__ACTION ITEM__: Starting with the first line below, extract each line through the one that contains "A pair of French", inclusive, excluding pictures.

__INFORMATION PROVIDED__:
==================================================
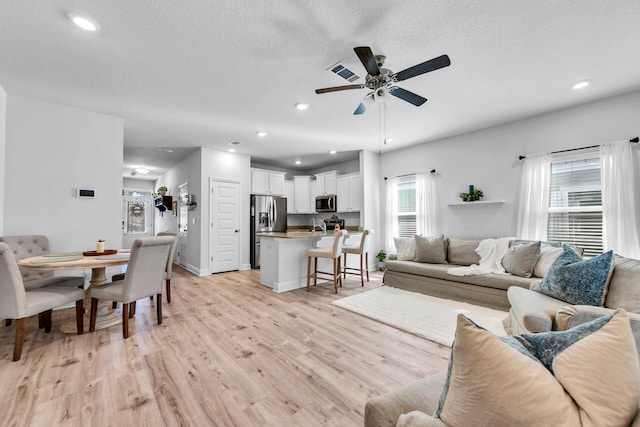 living room featuring a textured ceiling, light wood-style flooring, visible vents, and recessed lighting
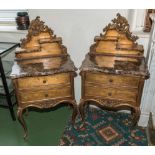 A pair of French gilded bed side cabinets with marble tops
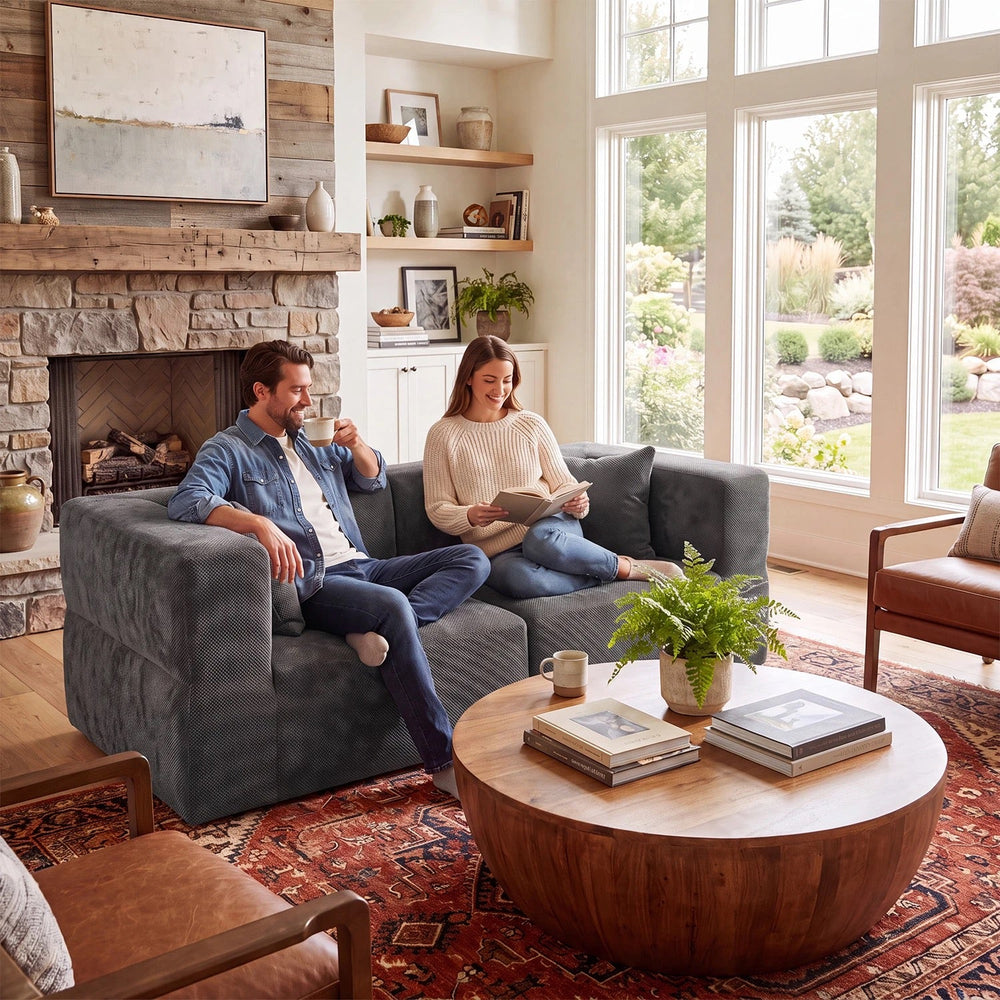Two adults sitting in relaxed positions on a dark gray Monvane 75-inch two-seat loveseat.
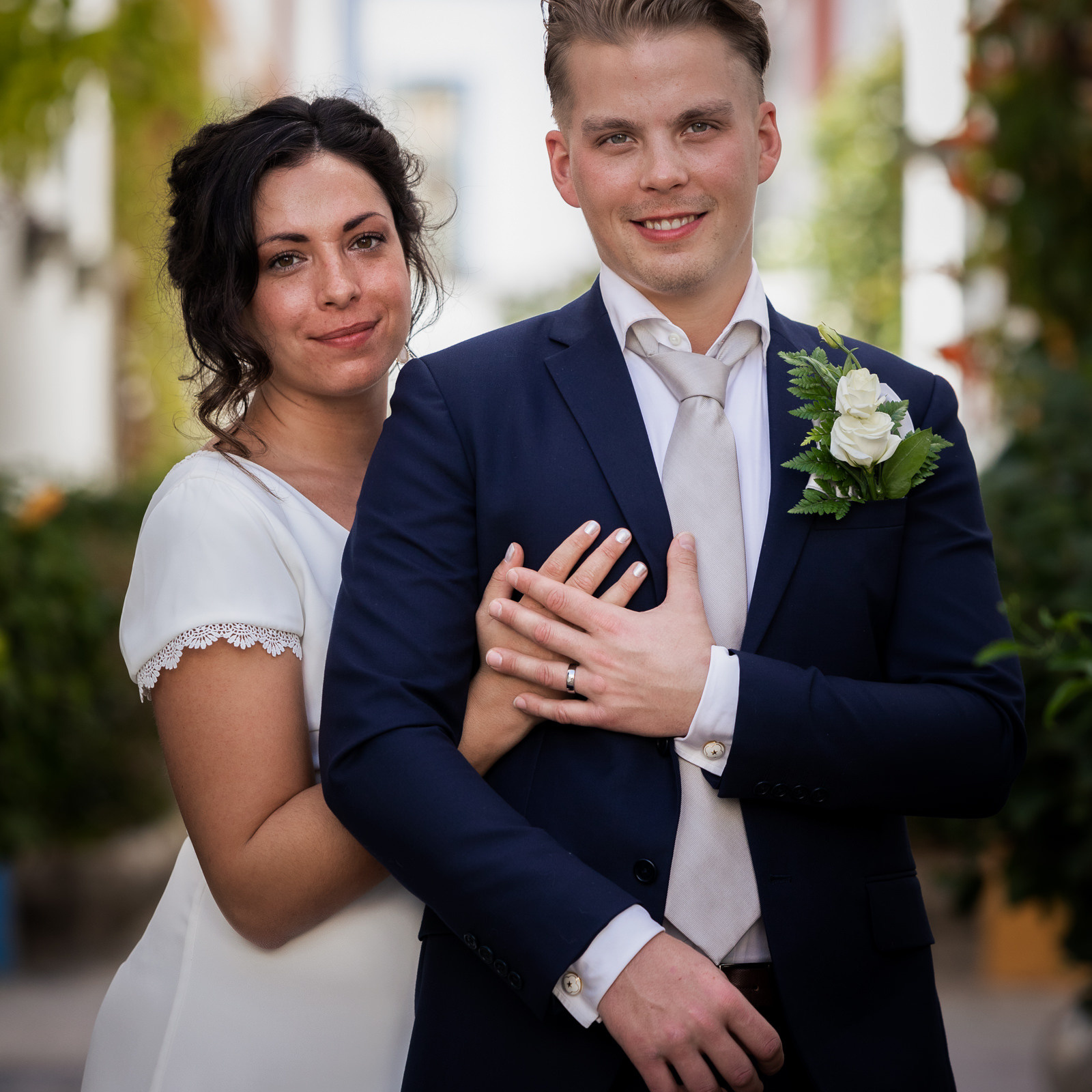 Photographer Love Story Gran Canaria A bride and groom are posing for a wedding photo.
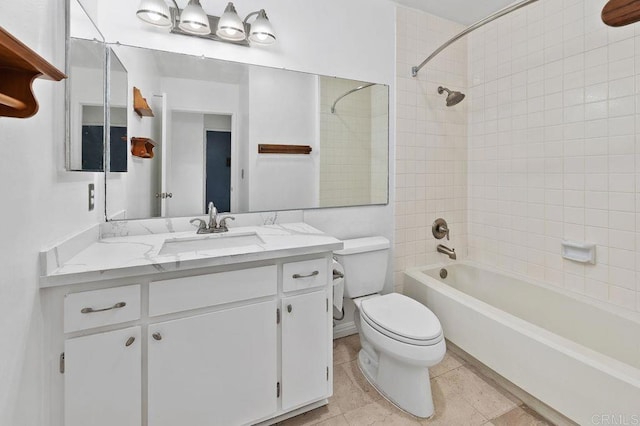 full bathroom featuring tile patterned floors, toilet, bathing tub / shower combination, and vanity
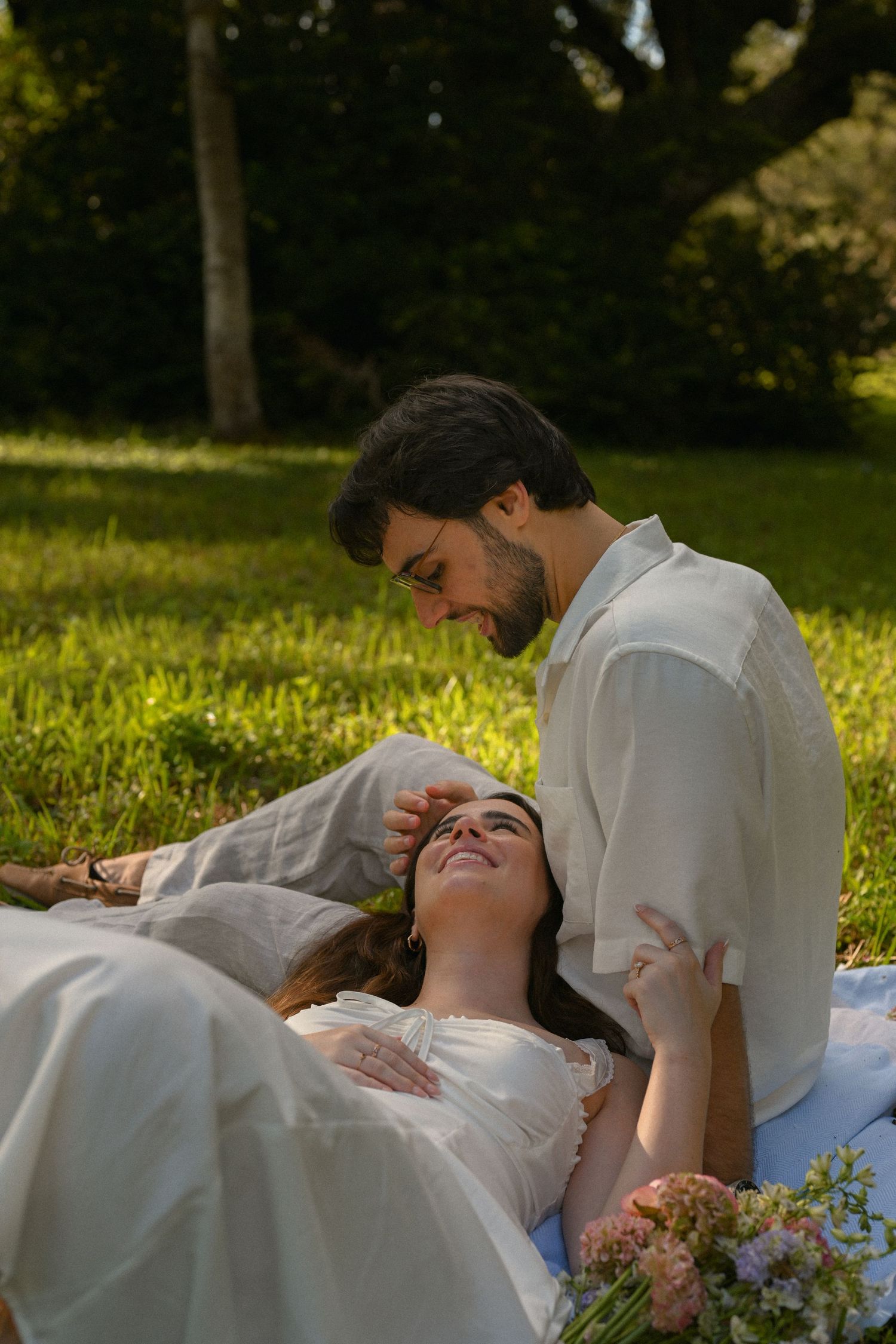 A couple relaxes together on a white blanket in a sunny grass field on a warm afternoon.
==================================================
__EXERCISE RESPONSE__:
 living room featuring a textured ceiling, light wood-style flooring, visible vents, and recessed lighting
 A pair of French gilded bed side cabinets with marble tops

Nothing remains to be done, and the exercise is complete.